Lethielleux (p. 256-261).


CHAPITRE Il

(155)

Comment l’obéissance est une clef qui ouvre le ciel. De la nécessité de porter toujours cette clef attachée à la ceinture. Ses qualités.

Après t’avoir expliqué où se trouve l’obéissance, d’où elle vient, quelle est sa compagne, et qui la nourrit, je te parlerai maintenant des obéissants et des désobéissants, de l’obéissance commune et de l’obéissance particulière, je veux dire de l’obéissance aux préceptes et de l’obéissance aux conseils.

Toute votre foi est fondée sur l’obéissance, et c’est par l’obéissance que vous prouvez que vous êtes fidèles. A tous sans exception ma Vérité a imposé les commandements de la loi, dont le principal est de m’aimer, moi, par-dessus toute chose et le prochain comme vous-mêmes. Ce précepte est si étroitement lié à tous les autres qu’on ne saurait observer l’un sans les observer tous, ni négliger l’un sans les enfreindre tous. Qui garde le premier garde tous les autres. Il est fidèle à moi et au prochain il m’aime, moi, et demeure dans l’amour de ma créature. Par là même il est obéissant, il se soumet lui-même aux commandements de la loi, et aux créatures, à cause de moi, supportant avec humilité et patience toutes les peines et les injures qui lui peuvent venir du prochain.

Telle est encore l’excellence de l’obéissance, que c’est par elle que vous recevez la grâce, comme c’est là désobéissance qui vous a communiqué la mort ; mais il ne suffirait pas qu’elle se fût trouvée seulement dans mon Verbe, il faut aussi que vous la pratiquiez vous-mêmes. Je te l’ai déjà dit, elle est une clef qui ouvre le ciel, et cette clef, il la confiée aux mains de son vicaire. Ce vicaire la remet à chacun de vous, lorsque, dans la réception du baptême, vous vous engagez à renoncer au démon, au monde, . à ses pompes, à ses plaisirs. Par cette promesse de soumission, chacun reçoit la clef de l’obéissance, chacun la possède pour son propre tissage, et c’est la même clef que celle de mon Verbe.

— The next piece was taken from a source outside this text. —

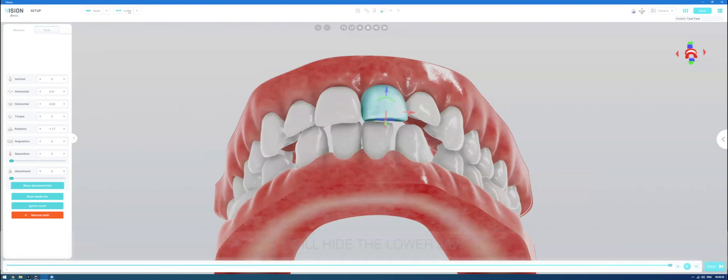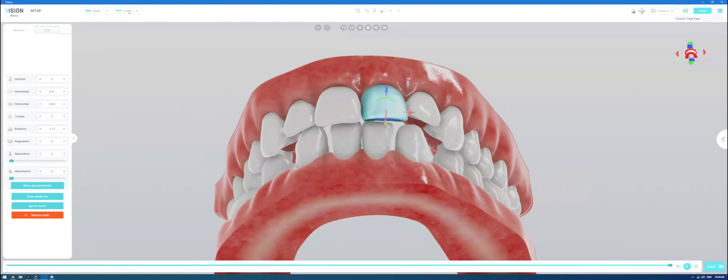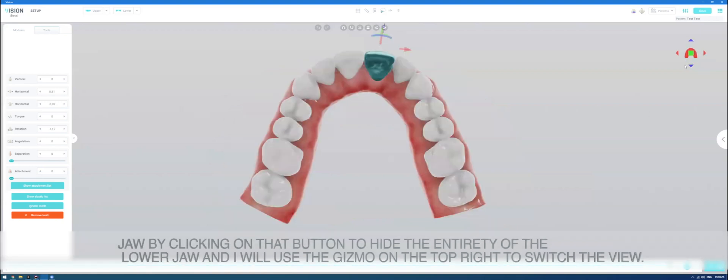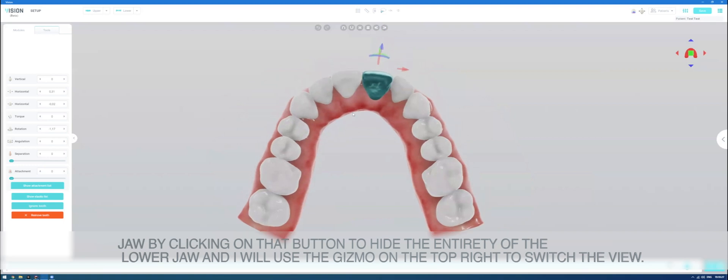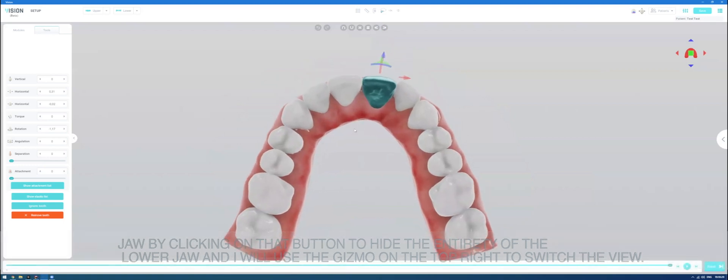I will hide the lower jaw by clicking on that button to hide the entirety of the lower jaw and I'll use the gizmo on the top right to switch the view.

si l’homme ne se laisse pas conduire par la lumière de la foi et par la main de l’amour, pour ouvrir avec cette clef la porte du ciel, jamais il n’entrera dedans, bien que mon Verbe en ait déjà ouvert la porte. Je vous ai créés sans vous, mais je ne vous sauverai pas sans vous.

Il vous faut donc porter à la main cette clef ; il ne faut pas rester assis, il faut marcher. En avant, par le chemin ouvert par ma Vérité ! Et debout ! Quittez ces choses finies où votre cœur se pose. Plus de ces hommes insensés, qui suivent le vieil homme leur premier père, et jettent dans la fange de l’impureté la clef de l’obéissance, après l’avoir couverte de la rouille de l’amour-propre et l’avoir faussée sous le marteau de l’orgueil. Le Verbe est venu, mon Fils unique, il a pris lui-même en main cette clef de l’obéissance, il l’a purifiée dans le feu de la divine charité, il l’a retirée de la boue pour la laver dans son sang, il l’a redressée avec le glaive de la justice, quand sur l’enclume de son corps il répara vos iniquités. Il l’a si bien forgée désormais que, quelque accident que l’homme lui fasse volontairement subir, l’homme le peut réparer lui-même par son libre arbitre, avec le secours de ma grâce, en se servant des mêmes instruments.

O homme aveugle, et deux fois aveugle ! Tu vois bien que cette clef de l’obéissance, tu l’as faussée ! Et te ne te soucies pas de la réparer ? La désobéissance a fermé le ciel, crois-tu donc que c’est elle qui te l’ouvrira ! L’orgueil en a été précipité, penses-tu que c’est lui qui l’emportera d’assaut ? Tu portes un vêtement déchiré et malpropre, et tu te flattes d’être admis au festin de noces ? Tu t’es assis, tu croupis dans les liens du péché mortel, et tu prétends arriver, et sans clef, à ouvrir la porte du cénacle ? Non, ne t’imagines pas cela, ce serait une illusion décevante ! Il faut rompre tes entraves, il faut sortir du péché mortel par la sainte confession, accompagnée de la contrition du cœur, de la satisfaction et du ferme propos de ne plus m’offenser. Tu te déferas alors de l’habit sale et laid qui te souille, et, revêtu de la robe nuptiale, tu pourras courir à la lumière de la foi jusqu’à cette porte avec l’obéissance, tu auras en main la clef qui te permettra de l’ouvrir. Pour ne pas la perdre, attache-la ! Mets-y un cordon à cette clef, le cordon de l’abnégation, du mépris de toi-même et du monde ; par ce lien, fixe-la à ma volonté, à moi ton Créateur ; puis, que cette volonté soit comme une ceinture qui t’enserre toujours. Ainsi tu ne la perdras jamais.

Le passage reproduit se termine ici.